2. Die richtige „Version“

Fasten kann man auf verschiedene Weise. Traditionell katholisch bedeutet Fasten: Eine volle (sättigende) Mahlzeit am Tag. Traditionell katholisch ohne Modifikation gibt es natürlich nicht. Also: Bei Bedarf kommen bis zu zwei „Stärkungen“ hinzu. Was eine Stärkung ist, musst du selbst einschätzen. Man sieht hier bereits: Das System ist flexibel. Übrigens gilt als „volksfromme“ Faustregel: Mahlzeit ist, was dampft. Aber das ist nur eine Orientierung.

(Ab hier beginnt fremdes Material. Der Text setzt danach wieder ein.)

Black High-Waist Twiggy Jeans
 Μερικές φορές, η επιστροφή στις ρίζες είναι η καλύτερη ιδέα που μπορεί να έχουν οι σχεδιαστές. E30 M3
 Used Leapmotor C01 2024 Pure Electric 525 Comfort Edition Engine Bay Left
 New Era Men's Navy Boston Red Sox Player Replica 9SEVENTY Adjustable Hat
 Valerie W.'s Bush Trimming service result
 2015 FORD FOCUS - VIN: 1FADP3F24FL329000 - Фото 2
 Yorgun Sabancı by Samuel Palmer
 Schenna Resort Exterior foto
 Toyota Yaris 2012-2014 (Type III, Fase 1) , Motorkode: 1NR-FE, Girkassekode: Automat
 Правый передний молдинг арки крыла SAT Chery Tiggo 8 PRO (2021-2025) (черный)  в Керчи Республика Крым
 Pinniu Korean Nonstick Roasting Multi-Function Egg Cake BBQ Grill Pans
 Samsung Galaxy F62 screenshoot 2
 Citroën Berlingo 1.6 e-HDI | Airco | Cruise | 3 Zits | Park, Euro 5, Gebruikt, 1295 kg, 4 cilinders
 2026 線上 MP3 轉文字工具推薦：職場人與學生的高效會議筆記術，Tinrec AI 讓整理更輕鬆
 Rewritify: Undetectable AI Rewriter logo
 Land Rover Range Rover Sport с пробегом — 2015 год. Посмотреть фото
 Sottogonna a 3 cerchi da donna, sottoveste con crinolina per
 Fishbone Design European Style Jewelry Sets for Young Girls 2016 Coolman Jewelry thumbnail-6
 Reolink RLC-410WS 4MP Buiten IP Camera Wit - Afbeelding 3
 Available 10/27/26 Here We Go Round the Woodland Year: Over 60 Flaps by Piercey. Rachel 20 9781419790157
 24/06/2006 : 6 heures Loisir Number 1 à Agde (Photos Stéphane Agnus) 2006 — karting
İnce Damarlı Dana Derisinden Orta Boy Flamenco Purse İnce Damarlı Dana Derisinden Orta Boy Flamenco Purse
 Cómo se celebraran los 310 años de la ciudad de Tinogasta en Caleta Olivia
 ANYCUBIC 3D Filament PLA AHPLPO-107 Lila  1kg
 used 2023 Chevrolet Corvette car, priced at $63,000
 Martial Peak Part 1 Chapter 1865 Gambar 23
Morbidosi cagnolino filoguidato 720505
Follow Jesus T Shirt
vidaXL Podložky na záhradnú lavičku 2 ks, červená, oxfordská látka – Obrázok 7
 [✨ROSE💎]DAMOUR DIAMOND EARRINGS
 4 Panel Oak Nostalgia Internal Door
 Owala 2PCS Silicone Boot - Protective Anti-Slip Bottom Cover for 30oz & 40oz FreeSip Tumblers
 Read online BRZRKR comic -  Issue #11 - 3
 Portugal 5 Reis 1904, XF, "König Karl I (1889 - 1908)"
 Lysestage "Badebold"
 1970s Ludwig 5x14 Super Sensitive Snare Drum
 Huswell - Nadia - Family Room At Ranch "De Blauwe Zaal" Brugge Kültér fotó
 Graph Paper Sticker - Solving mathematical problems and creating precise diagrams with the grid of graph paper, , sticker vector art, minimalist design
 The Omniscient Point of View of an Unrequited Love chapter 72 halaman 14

Man kann auch so Fasten, dass man erst ab 12 Uhr überhaupt Nahrung zu sich nimmt. Das finden manche Leute seltsam und übermäßig hart, aber wer, wie ich, zu denen gehört, die sowieso frühstücken eher als Last empfinden, der findet das nicht einmal besonders ambitioniert. An einzelnen ausgewählten Tagen kann man natürlich auch komplett fasten. Das ist allerdings eher für das Trauerfasten an Aschermittwoch oder Karfreitag angebracht, für die adventliche Fastenzeit ist das ein bisschen krass. Aber man kann durchaus am Heiligen Abend bis zur Vesper fasten (oder irgendein besonderes Fastenopfer bringen), wenn man eine Herausforderung braucht :).

3. Worauf fasten?

Am besten funktioniert das Fasten, wenn man einen körperlichen und einen geistlichen Aspekt miteinander vereint. Man kann allein oder mit Priester überlegen, was im leiblichen Bereich sinnvoll ist. Es ist eigentlich immer heilsam, gesund und inspirierend, wenn man auf Fleisch und Schokolade (Süßigkeiten) verzichtet. Gerade letzteres fällt vielen schwer, aber man erlernt neu Achtung vor den Genussmitteln, die wir sonst immer und überall verfügbar haben. Außerdem ist es eine wirkliche Kur für die Geschmacksnerven. Ich weiß noch, dass ich nach den ersten Wochen meiner ersten (fast) komplett zuckerfreien Fastenzeit total geflasht davon war, wie süß Mandeln und Haselnüsse sind – eine Süße, die man gar nicht mehr wahrnehmen kann, vor lauter Zucker- und Schokoladenkonsum. Übrigens finde ich leibliches Fasten auch gerade in der Adventszeit angemessen: Die Herbergssuche von Josef und Maria, die armselige Geburt im Stall – man kann sich durch das Fasten mit den Armen der Welt verbinden, nicht so buchstäblich, wie Gott sich in seiner Menschwerdung und Geburt mit den Armen der Welt verbunden hat, aber doch ansatzweise. Ich weiß z.B. noch, wie geschockt ich als Kind während eines Besuches bei meiner Verwandschaft in Afrika war, denn die Kinder dort hatten nie Süßigkeiten, und eine von meiner Mutter gekaufte Packung Kekse hat unfassbare Freude hervorgerufen. Wenn man vier Wochen lang keine gegessen hat, wird man bemerken, dass man wieder etwas von dieser Wertschätzung und Freude empfindet, und das ist unheimlich viel wert – und ein Zeichen der Solidarität. Wer auf den Adventskalender mit Schokolade einfach nicht verzichten kann, der kann ja diesen als einzige schokoladige Süßigkeit der Adventszeit nehmen – das finde ich persönlich übrigens viel schlimmer als den harten Entzug ;).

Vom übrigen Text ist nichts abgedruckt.